In [1]:
from sylseg import syllable_break
import json
from tqdm import tqdm
import pandas as pd

In [2]:
with open('aux/common-words.txt') as f:
    common_words = [l.strip() for l in f]
with open('aux/dict-words.txt') as f:
    dict_words = [l.strip() for l in f]
with open('aux/stop-words.txt') as f:
    stop_words = [l.strip() for l in f]
print(len(common_words), len(dict_words), len(stop_words))

26171 32885 275


In [12]:
# Transpiled from https://github.com/eimg/myanmar-text-breaker/blob/master/word-breaker.js
_input = 'နေကောင်း လား'

# This code is also in `wordseg.py`
# This rule-based word segmentation is functional though it has many weaknesses.
# The algorithm uses maximum matching, where the longest word is
# matched first from the dictionary and the length is lowered 1by1
# until finally length is 0 (not found in dictionary),
# when we declare the syllable to be its own word.
def wb(_input):
    _input = syllable_break(str(_input).replace(' ', ''))

    result = []
    offset = 0
    LIMIT = 7

    while offset < len(_input):
        chunk_end = offset + LIMIT
        chunk_found = False

        for i in range(chunk_end, offset, -1):
            chunk = ''.join(_input[offset:i])

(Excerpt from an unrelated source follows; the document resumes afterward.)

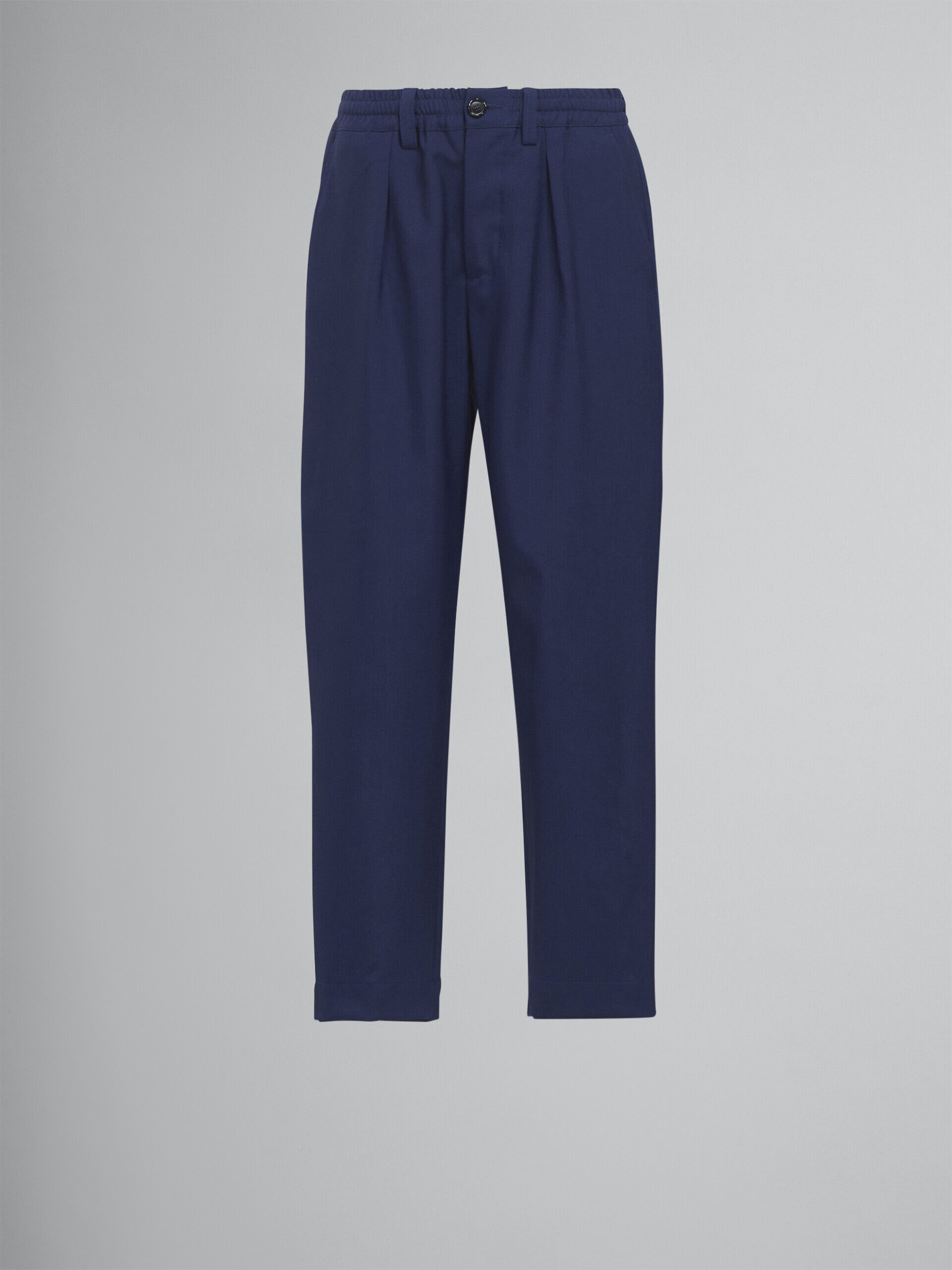 Blue tropical wool cropped pants | Marni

            if chunk in dict_words or chunk in common_words or chunk in stop_words:
                # Found the word in data
                chunk_found = True
                result.append(chunk)

                # Resetting offset to resume
                offset = i
                break


        # Didn't found the word of any
        # long-short combination in the chunk
        if not chunk_found:
            # Now, the current syllable is a word
            result.append(_input[offset])
            offset += 1
    return result

In [5]:
print(wb(_input))

['နေကောင်း', 'လား']


## Fetch News Data, Word Segment and Save for Later Use
- This takes about 30 minutes, so we persist the transformed data.

In [6]:
irr = pd.read_csv('data/clean/irr.csv', sep='\t')
ele = pd.read_csv('data/clean/ele.csv', sep='\t')
miz = pd.read_csv('data/clean/miz.csv', sep='\t')
voi = pd.read_csv('data/clean/voi.csv', sep='\t')
dvb = pd.read_csv('data/clean/dvb.csv', sep='\t')

In [7]:
irr['wb_title'] = [' '.join(wb(t)) for t in tqdm(irr.title)]
irr['wb_body'] = [' '.join(wb(t)) for t in tqdm(irr.body)]

100%|██████████| 50/50 [00:03<00:00, 13.09it/s]
100%|██████████| 50/50 [08:03<00:00,  9.67s/it]


In [8]:
irr.to_csv('data/clean_wb/irr.csv', sep='\t', index=False)

In [9]:
ele['wb_title'] = [' '.join(wb(t)) for t in tqdm(ele.title)]
ele['wb_body'] = [' '.join(wb(t)) for t in tqdm(ele.body)]
ele.to_csv('data/clean_wb/ele.csv', sep='\t', index=False)

100%|██████████| 50/50 [00:08<00:00,  6.19it/s]
100%|██████████| 50/50 [03:34<00:00,  4.29s/it]


In [10]:
miz['wb_title'] = [' '.join(wb(t)) for t in tqdm(miz.title)]
miz['wb_body'] = [' '.join(wb(t)) for t in tqdm(miz.body)]
miz.to_csv('data/clean_wb/miz.csv', sep='\t', index=False)

100%|██████████| 50/50 [00:04<00:00, 11.57it/s]
100%|██████████| 50/50 [03:09<00:00,  3.78s/it]


In [13]:
voi['wb_title'] = [' '.join(wb(t)) for t in tqdm(voi.title)]
voi['wb_body'] = [' '.join(wb(t)) for t in tqdm(voi.body)]
voi.to_csv('data/clean_wb/voi.csv', sep='\t', index=False)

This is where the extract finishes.